**Your objective**
Your task is to transcribe the data exactly while omitting each picture.

**Exercise data**
::::

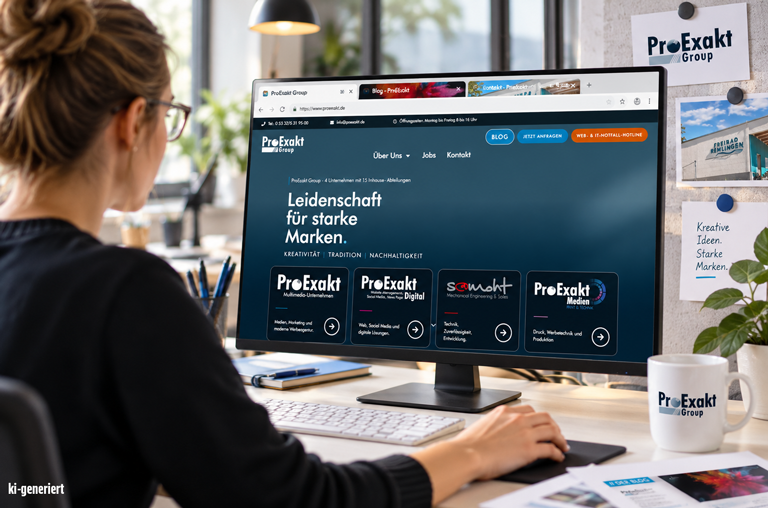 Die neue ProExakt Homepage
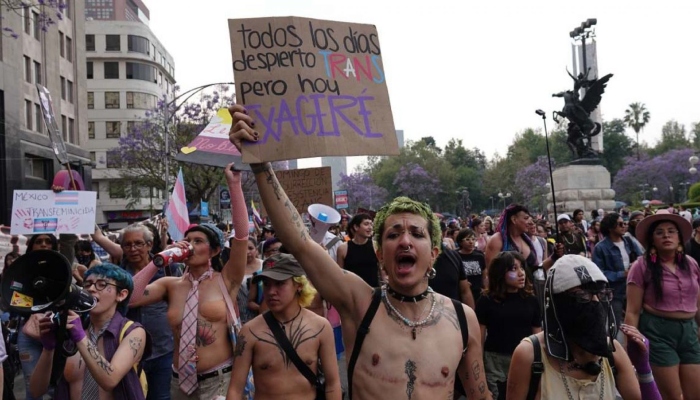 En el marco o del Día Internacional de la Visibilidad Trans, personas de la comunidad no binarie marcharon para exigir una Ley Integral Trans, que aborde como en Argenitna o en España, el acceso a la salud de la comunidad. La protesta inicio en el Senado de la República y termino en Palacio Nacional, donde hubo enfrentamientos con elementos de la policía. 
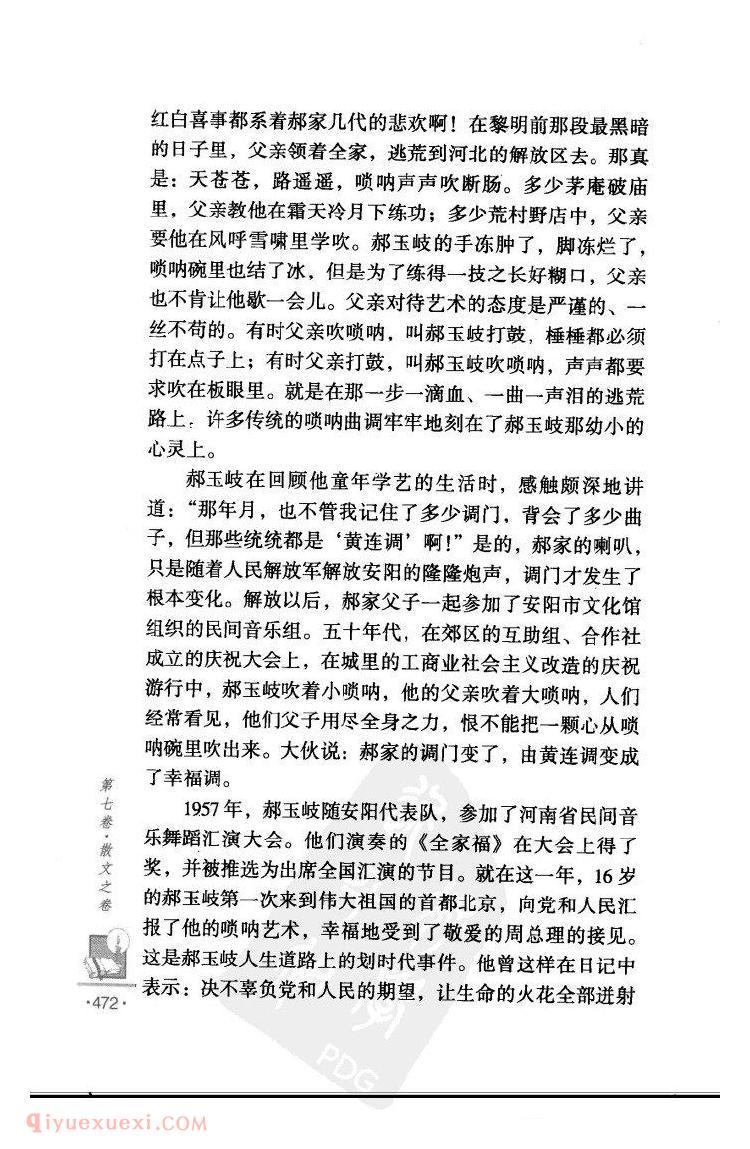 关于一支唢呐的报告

::::

**Task solution**
 Die neue ProExakt Homepage
 En el marco o del Día Internacional de la Visibilidad Trans, personas de la comunidad no binarie marcharon para exigir una Ley Integral Trans, que aborde como en Argenitna o en España, el acceso a la salud de la comunidad. La protesta inicio en el Senado de la República y termino en Palacio Nacional, donde hubo enfrentamientos con elementos de la policía. 
 关于一支唢呐的报告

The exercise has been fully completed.